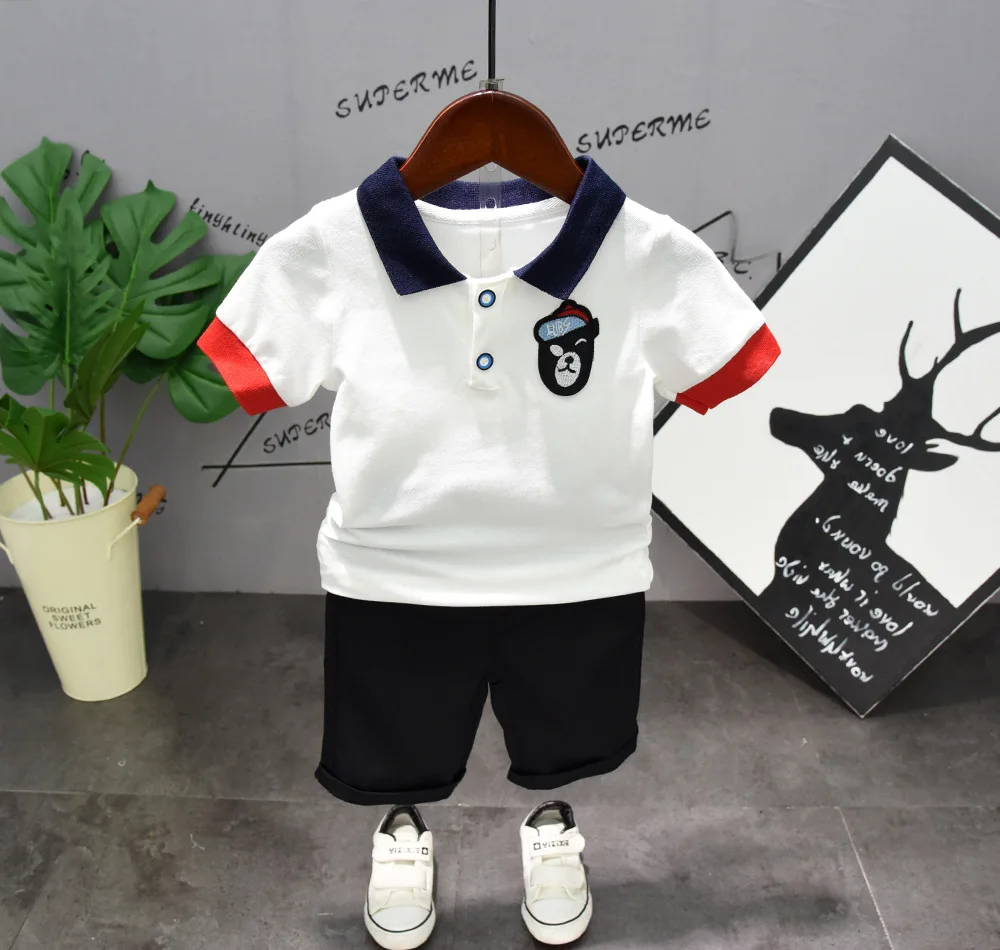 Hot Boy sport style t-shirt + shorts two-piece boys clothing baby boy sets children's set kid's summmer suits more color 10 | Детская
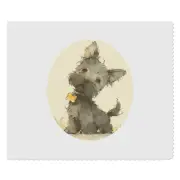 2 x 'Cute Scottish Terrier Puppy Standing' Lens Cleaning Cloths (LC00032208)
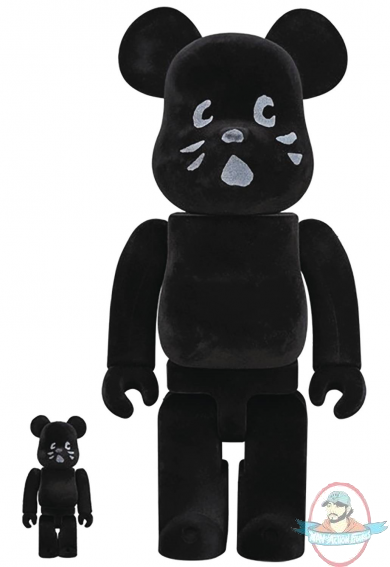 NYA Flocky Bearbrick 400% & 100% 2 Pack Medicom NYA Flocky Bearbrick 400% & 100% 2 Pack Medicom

+++

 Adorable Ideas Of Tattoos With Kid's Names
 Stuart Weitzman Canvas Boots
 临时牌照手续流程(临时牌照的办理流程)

+++

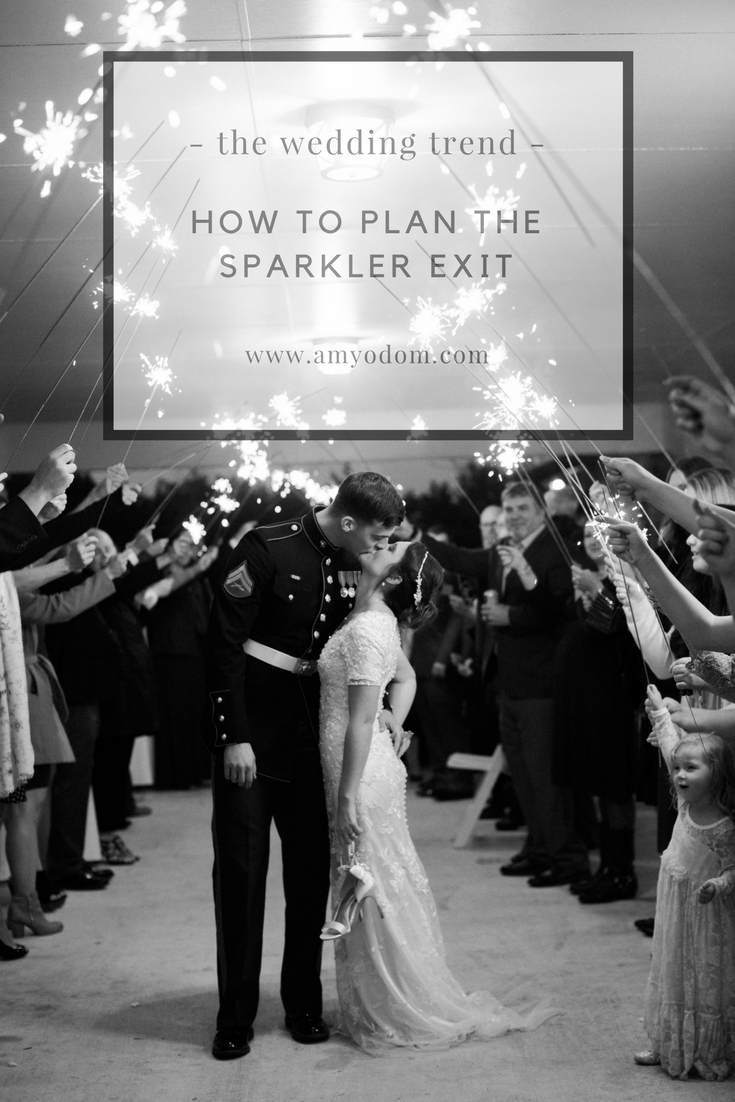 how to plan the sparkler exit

+++

--- TASK STATEMENT ---
Range to copy from the listing above: the line containing "Hot Boy sport" down to the line containing "NYA Flocky Bearbrick 400% & 100% 2 Pack Medicom NYA", both included. Reproduce it exactly, minus the pictures, and add nothing.

--- EXERCISE SOLUTION ---
 Hot Boy sport style t-shirt + shorts two-piece boys clothing baby boy sets children's set kid's summmer suits more color 10 | Детская
 2 x 'Cute Scottish Terrier Puppy Standing' Lens Cleaning Cloths (LC00032208)
 NYA Flocky Bearbrick 400% & 100% 2 Pack Medicom NYA Flocky Bearbrick 400% & 100% 2 Pack Medicom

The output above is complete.